INPUT DATA:
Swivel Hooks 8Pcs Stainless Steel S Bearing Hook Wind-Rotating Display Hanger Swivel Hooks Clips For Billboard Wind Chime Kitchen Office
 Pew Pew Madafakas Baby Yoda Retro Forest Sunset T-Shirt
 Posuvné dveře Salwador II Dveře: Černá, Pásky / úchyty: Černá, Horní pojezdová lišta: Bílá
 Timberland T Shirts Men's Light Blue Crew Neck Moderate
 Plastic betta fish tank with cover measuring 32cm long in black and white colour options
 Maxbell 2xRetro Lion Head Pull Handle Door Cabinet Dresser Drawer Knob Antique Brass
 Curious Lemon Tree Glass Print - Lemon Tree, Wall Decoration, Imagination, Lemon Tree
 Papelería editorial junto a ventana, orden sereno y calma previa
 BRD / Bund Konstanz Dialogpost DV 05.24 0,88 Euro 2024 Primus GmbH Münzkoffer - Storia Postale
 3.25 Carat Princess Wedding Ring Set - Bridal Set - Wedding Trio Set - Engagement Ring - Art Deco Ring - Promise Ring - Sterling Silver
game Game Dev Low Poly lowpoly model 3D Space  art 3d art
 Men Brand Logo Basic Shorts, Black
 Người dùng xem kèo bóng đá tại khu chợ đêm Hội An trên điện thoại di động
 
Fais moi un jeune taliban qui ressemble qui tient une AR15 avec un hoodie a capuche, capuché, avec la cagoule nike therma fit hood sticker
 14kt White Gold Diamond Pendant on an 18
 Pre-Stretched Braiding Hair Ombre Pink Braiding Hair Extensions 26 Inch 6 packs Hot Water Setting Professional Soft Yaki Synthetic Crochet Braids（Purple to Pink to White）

TASK REQUIREMENTS: Could you reproduce all of the entries exactly as they appear?

REPLY:
Swivel Hooks 8Pcs Stainless Steel S Bearing Hook Wind-Rotating Display Hanger Swivel Hooks Clips For Billboard Wind Chime Kitchen Office
 Pew Pew Madafakas Baby Yoda Retro Forest Sunset T-Shirt
 Posuvné dveře Salwador II Dveře: Černá, Pásky / úchyty: Černá, Horní pojezdová lišta: Bílá
 Timberland T Shirts Men's Light Blue Crew Neck Moderate
 Plastic betta fish tank with cover measuring 32cm long in black and white colour options
 Maxbell 2xRetro Lion Head Pull Handle Door Cabinet Dresser Drawer Knob Antique Brass
 Curious Lemon Tree Glass Print - Lemon Tree, Wall Decoration, Imagination, Lemon Tree
 Papelería editorial junto a ventana, orden sereno y calma previa
 BRD / Bund Konstanz Dialogpost DV 05.24 0,88 Euro 2024 Primus GmbH Münzkoffer - Storia Postale
 3.25 Carat Princess Wedding Ring Set - Bridal Set - Wedding Trio Set - Engagement Ring - Art Deco Ring - Promise Ring - Sterling Silver
game Game Dev Low Poly lowpoly model 3D Space  art 3d art
 Men Brand Logo Basic Shorts, Black
 Người dùng xem kèo bóng đá tại khu chợ đêm Hội An trên điện thoại di động
 
Fais moi un jeune taliban qui ressemble qui tient une AR15 avec un hoodie a capuche, capuché, avec la cagoule nike therma fit hood sticker
 14kt White Gold Diamond Pendant on an 18
 Pre-Stretched Braiding Hair Ombre Pink Braiding Hair Extensions 26 Inch 6 packs Hot Water Setting Professional Soft Yaki Synthetic Crochet Braids（Purple to Pink to White）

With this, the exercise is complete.